* TASK
Only the lines with the string "Dress" are needed; return each of them from the entries below.

Web page caption snippets:
========================
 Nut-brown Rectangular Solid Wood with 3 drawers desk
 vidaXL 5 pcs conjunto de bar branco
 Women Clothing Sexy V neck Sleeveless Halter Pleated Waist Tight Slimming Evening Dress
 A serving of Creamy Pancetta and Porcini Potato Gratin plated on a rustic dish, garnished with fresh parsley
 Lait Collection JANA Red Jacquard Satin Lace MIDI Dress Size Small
========================
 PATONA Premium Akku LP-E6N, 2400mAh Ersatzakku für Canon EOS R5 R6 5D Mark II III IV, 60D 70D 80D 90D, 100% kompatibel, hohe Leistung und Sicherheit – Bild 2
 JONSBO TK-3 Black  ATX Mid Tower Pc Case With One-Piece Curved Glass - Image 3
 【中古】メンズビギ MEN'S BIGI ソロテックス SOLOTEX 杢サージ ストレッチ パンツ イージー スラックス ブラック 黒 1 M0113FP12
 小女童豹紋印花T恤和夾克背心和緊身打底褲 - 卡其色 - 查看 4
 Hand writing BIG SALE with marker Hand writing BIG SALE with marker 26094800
========================
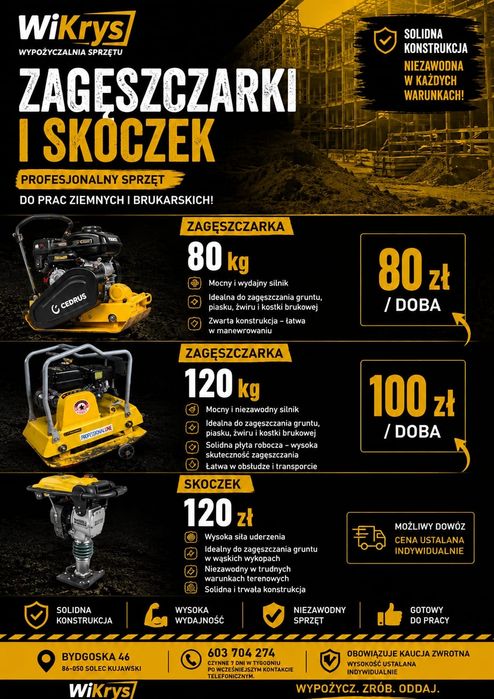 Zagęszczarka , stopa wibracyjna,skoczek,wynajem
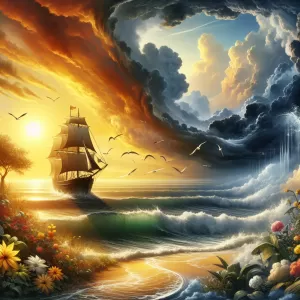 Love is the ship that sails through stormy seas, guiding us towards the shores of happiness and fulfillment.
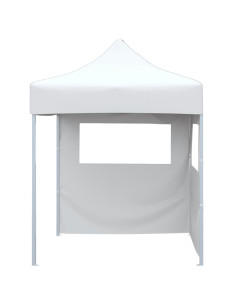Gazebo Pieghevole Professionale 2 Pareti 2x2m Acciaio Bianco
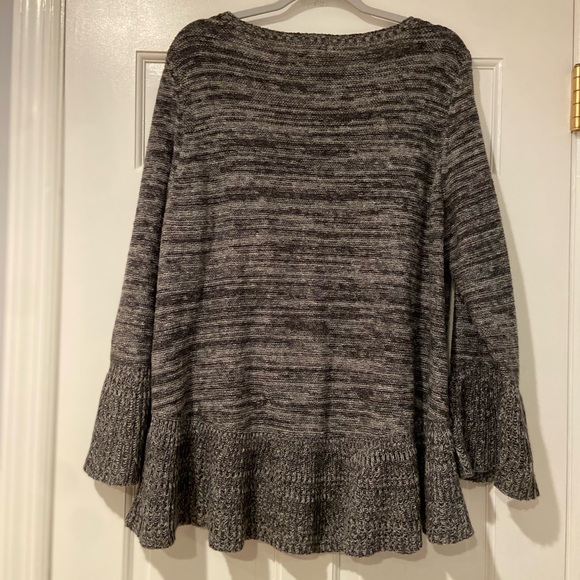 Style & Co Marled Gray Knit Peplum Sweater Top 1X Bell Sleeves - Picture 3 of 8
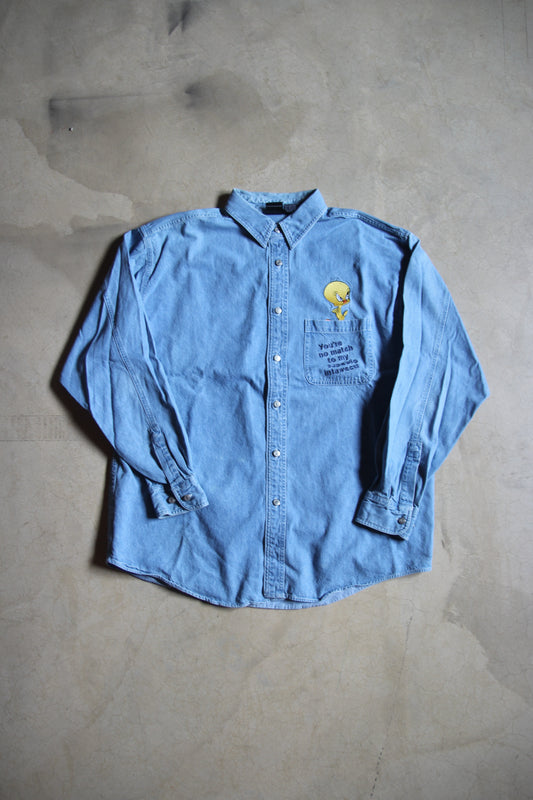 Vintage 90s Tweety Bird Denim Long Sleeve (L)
========================
* WRITTEN SOLUTION
 Women Clothing Sexy V neck Sleeveless Halter Pleated Waist Tight Slimming Evening Dress
 Lait Collection JANA Red Jacquard Satin Lace MIDI Dress Size Small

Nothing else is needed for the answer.